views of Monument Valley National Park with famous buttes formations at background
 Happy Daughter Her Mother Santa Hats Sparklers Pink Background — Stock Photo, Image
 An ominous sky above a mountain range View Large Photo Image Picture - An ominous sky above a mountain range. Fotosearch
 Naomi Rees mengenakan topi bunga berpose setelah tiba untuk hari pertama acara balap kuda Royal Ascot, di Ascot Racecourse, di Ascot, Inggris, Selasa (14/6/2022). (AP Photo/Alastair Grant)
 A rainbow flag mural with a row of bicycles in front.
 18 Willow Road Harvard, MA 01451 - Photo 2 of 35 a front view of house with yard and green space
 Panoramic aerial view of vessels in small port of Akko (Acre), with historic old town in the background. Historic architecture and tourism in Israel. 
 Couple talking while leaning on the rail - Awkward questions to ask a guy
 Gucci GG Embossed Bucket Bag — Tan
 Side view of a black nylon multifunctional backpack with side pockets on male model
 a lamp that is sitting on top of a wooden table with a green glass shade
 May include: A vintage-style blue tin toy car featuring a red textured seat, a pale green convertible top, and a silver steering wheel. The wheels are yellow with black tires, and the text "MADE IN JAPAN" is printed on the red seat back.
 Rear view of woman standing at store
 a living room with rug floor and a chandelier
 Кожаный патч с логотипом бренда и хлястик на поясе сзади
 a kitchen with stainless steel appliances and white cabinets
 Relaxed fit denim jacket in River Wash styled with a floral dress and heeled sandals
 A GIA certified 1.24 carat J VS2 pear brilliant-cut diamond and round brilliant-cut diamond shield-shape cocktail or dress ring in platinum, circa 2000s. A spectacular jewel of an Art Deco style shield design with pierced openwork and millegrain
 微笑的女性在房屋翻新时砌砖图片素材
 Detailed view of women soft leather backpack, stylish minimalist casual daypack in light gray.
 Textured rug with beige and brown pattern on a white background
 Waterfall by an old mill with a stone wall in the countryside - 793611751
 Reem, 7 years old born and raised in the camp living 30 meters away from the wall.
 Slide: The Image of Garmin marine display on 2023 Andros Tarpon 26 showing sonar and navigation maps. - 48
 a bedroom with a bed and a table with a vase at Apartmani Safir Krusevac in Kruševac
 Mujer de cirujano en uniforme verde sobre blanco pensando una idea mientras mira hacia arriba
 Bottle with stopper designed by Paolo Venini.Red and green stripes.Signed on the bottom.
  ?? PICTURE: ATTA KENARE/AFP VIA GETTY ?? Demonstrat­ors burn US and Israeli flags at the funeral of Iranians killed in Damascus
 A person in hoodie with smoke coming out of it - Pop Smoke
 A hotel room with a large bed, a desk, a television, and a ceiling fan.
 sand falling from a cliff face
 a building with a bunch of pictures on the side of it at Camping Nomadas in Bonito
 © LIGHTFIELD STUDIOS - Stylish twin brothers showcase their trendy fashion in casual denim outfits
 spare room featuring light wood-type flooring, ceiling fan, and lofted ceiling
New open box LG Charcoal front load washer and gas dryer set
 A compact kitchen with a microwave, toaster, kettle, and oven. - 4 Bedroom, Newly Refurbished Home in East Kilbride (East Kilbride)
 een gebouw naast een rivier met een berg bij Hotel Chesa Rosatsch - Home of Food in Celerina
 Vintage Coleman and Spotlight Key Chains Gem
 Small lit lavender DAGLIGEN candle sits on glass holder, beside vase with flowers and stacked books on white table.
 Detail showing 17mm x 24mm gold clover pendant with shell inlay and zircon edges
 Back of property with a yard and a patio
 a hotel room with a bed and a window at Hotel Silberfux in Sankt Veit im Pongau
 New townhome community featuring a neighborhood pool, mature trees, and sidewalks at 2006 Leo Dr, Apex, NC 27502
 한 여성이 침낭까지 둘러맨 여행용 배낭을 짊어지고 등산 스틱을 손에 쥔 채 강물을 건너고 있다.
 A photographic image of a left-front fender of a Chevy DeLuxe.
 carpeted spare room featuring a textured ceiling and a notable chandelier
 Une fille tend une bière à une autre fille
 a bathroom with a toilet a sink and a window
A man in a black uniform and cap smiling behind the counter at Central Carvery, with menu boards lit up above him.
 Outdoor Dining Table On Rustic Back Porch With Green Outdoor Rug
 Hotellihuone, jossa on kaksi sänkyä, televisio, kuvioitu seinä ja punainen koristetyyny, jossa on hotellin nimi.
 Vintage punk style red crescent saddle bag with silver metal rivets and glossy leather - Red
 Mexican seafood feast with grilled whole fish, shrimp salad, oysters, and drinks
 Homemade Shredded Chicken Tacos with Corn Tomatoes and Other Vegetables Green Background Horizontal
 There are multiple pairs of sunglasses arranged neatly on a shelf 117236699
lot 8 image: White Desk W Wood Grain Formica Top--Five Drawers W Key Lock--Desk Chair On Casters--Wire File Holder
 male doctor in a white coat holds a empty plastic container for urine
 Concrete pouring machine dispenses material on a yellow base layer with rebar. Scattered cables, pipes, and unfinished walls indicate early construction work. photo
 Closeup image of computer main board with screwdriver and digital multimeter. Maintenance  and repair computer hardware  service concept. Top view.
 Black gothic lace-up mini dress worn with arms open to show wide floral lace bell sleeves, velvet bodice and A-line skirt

┄┄┄┄┄┄┄┄┄┄┄┄┄┄┄┄┄┄┄┄

• Work instruction:
In the records, locate each line holding the string "window" and copy it.

• Answer section:
 a hotel room with a bed and a window at Hotel Silberfux in Sankt Veit im Pongau
 a bathroom with a toilet a sink and a window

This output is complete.